China Daily Brief Editorial
Strategic Insight
China Daily Brief

The Chinese mainland equity markets staged a significant recovery on March 25, with major benchmarks reclaiming psychological strongholds. The Shanghai Composite Index surged past the 3,900-point mark, while the tech-heavy ChiNext Index stabilized above 3,300, underpinned by a massive 2.18 trillion RMB trading volume. This broad-based rally saw over 4,800 stocks advancing, signaling a return of investor appetite following recent periods of volatility.

The primary catalyst for the day’s momentum was an extraordinary surge in artificial intelligence infrastructure demand. The National Data Bureau revealed that daily token usage for AI models in China has skyrocketed from 100 billion at the start of 2024 to over 140 trillion this month. This thousand-fold increase in digital activity has shifted market focus toward the physical backbone of AI: computing power and the massive electrical grids required to sustain it.
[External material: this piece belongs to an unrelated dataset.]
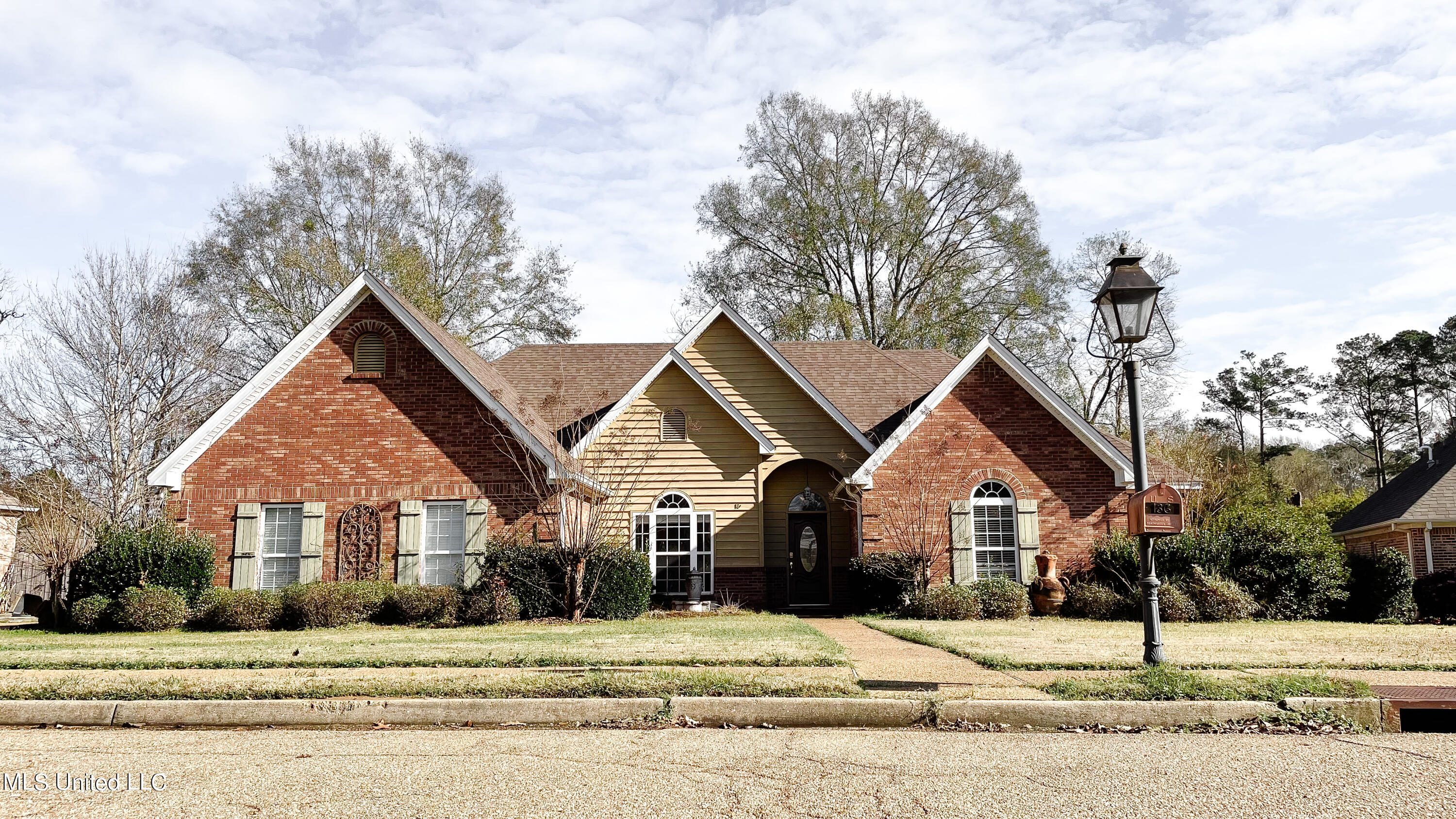 136 Copper Ridge Drive Brandon, MS 39042 - Photo 1 of 22 Front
Energy stocks became the unlikely stars of this high-tech rally, driven by the concept of 'Compute-Power Coordination' now embedded in official government work reports. Investors are increasingly betting on the synergy between green energy and data centers, anticipating that the expansion of AI will necessitate a massive build-out of wind and solar capacity. Major brokerage Citic Securities projects that this dual demand for green fuels and computing power could drive nearly 465GW of new wind power demand by 2030.

In the telecommunications sector, breakthrough achievements in optical fiber transmission provided further tailwinds. Chinese researchers successfully recorded a 2.5 petabits-per-second real-time transmission capacity, reinforcing China’s competitive stance in global communication infrastructure. This technological milestone, coupled with news of SK Hynix’s $10 billion fundraising plan for AI-related semiconductor clusters, catalyzed significant gains in CPO (Co-packaged Optics) and chip-making equipment stocks.

Conversely, traditional energy and fossil fuel sectors faced downward pressure as geopolitical rumors hinted at a potential breakthrough in Middle Eastern ceasefire negotiations. Oil and gas stocks retreated as global supply risks appeared to soften, while the coal and photovoltaic equipment sectors lagged behind the broader market surge. This rotation suggests a tactical shift from defensive 'old energy' positions toward the high-growth 'new infrastructure' sectors defined by the AI revolution.

Leading financial institutions like CICC and Guosen Securities maintain that the current market valuation represents a medium-term low, offering a strategic entry point for long-term investors. While short-term volatility remains a factor, the underlying logic of China’s economic transition toward advanced manufacturing and AI remains intact. The consensus among top-tier analysts is that the recent correction has effectively flushed out excessive risk, leaving the market ripe for a 'steady progress' trajectory focused on structural upgrades.